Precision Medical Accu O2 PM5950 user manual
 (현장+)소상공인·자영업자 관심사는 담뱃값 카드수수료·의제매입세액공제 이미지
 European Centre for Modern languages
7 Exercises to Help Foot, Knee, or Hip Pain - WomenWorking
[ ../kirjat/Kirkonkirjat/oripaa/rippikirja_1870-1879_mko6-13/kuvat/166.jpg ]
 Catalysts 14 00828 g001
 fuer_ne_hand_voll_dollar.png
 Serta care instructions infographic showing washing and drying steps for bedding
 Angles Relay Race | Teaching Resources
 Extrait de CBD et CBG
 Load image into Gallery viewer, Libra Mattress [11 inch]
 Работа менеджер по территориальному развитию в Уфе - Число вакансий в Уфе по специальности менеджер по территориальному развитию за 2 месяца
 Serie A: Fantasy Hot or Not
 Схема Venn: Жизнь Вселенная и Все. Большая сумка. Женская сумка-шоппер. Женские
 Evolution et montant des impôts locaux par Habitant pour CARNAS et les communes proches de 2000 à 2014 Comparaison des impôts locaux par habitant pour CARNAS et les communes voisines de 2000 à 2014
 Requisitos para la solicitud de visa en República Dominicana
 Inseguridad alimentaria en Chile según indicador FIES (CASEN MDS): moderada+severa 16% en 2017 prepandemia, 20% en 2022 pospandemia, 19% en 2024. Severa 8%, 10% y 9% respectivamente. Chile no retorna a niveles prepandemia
────────
## GOAL OF THE EXERCISE:
Make sure every record is repeated exactly.

## EXERCISE RESULT:
Precision Medical Accu O2 PM5950 user manual
 (현장+)소상공인·자영업자 관심사는 담뱃값 카드수수료·의제매입세액공제 이미지
 European Centre for Modern languages
7 Exercises to Help Foot, Knee, or Hip Pain - WomenWorking
[ ../kirjat/Kirkonkirjat/oripaa/rippikirja_1870-1879_mko6-13/kuvat/166.jpg ]
 Catalysts 14 00828 g001
 fuer_ne_hand_voll_dollar.png
 Serta care instructions infographic showing washing and drying steps for bedding
 Angles Relay Race | Teaching Resources
 Extrait de CBD et CBG
 Load image into Gallery viewer, Libra Mattress [11 inch]
 Работа менеджер по территориальному развитию в Уфе - Число вакансий в Уфе по специальности менеджер по территориальному развитию за 2 месяца
 Serie A: Fantasy Hot or Not
 Схема Venn: Жизнь Вселенная и Все. Большая сумка. Женская сумка-шоппер. Женские
 Evolution et montant des impôts locaux par Habitant pour CARNAS et les communes proches de 2000 à 2014 Comparaison des impôts locaux par habitant pour CARNAS et les communes voisines de 2000 à 2014
 Requisitos para la solicitud de visa en República Dominicana
 Inseguridad alimentaria en Chile según indicador FIES (CASEN MDS): moderada+severa 16% en 2017 prepandemia, 20% en 2022 pospandemia, 19% en 2024. Severa 8%, 10% y 9% respectivamente. Chile no retorna a niveles prepandemia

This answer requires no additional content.